Supplied data
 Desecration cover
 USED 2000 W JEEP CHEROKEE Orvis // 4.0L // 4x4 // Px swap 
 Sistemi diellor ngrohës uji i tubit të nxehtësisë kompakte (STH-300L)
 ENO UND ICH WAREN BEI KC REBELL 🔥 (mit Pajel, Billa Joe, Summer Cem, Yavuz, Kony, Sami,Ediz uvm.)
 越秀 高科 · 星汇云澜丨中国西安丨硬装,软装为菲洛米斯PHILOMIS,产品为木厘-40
==
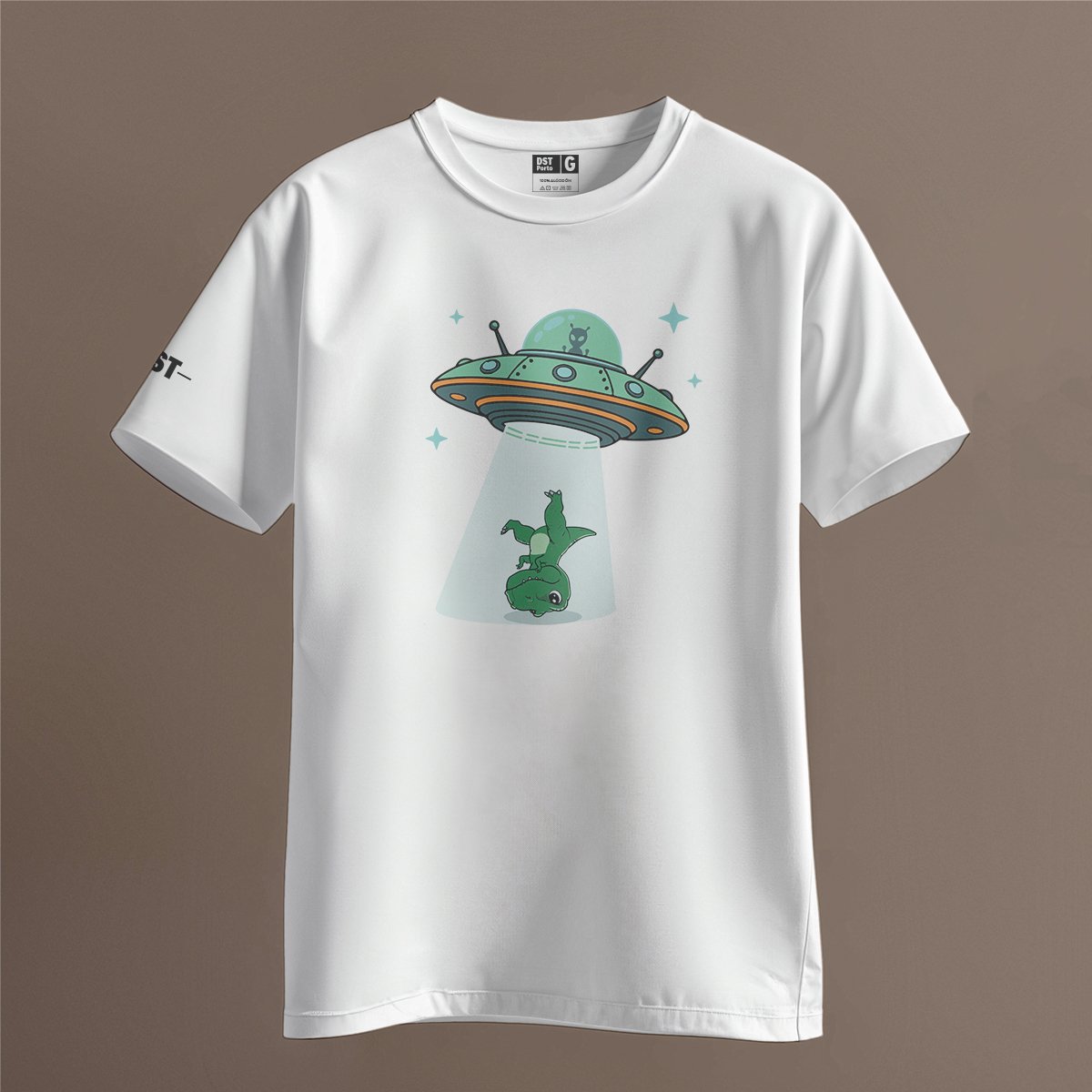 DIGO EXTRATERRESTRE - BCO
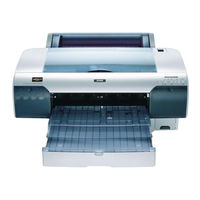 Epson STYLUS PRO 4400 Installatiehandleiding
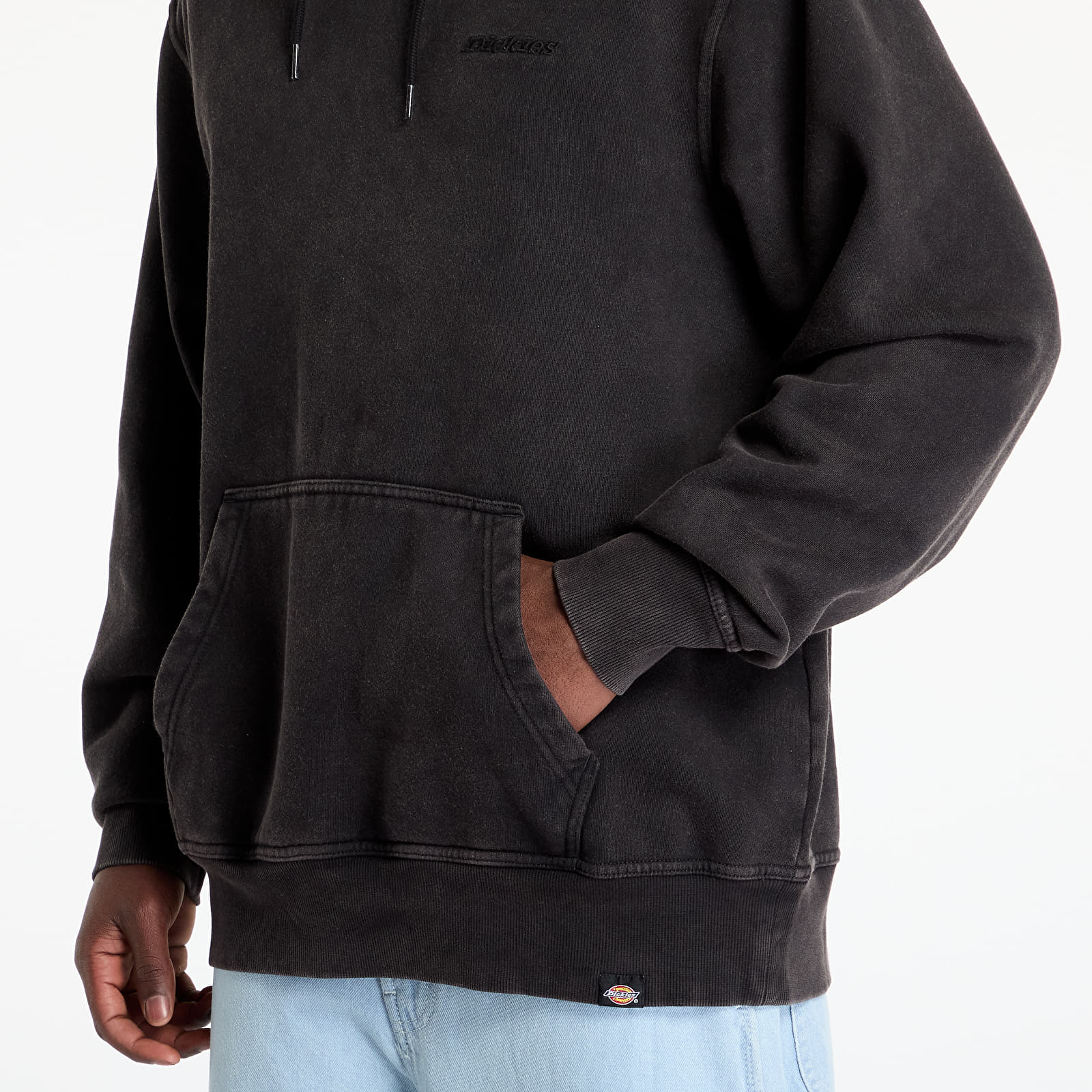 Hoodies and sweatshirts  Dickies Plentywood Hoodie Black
--
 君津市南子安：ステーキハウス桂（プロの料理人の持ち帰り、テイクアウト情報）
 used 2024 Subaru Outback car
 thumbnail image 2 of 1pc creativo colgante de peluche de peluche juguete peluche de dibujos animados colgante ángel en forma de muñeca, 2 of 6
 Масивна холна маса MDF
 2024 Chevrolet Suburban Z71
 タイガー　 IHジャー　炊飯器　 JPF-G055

Work task
An exact copy of the lines above from the one with "DIGO EXTRATERRESTRE - BCO" up to and including the one with "Hoodies and sweatshirts" is required; reproduce only those lines, omitting all pictures.

Task output
 DIGO EXTRATERRESTRE - BCO
 Epson STYLUS PRO 4400 Installatiehandleiding
 Hoodies and sweatshirts  Dickies Plentywood Hoodie Black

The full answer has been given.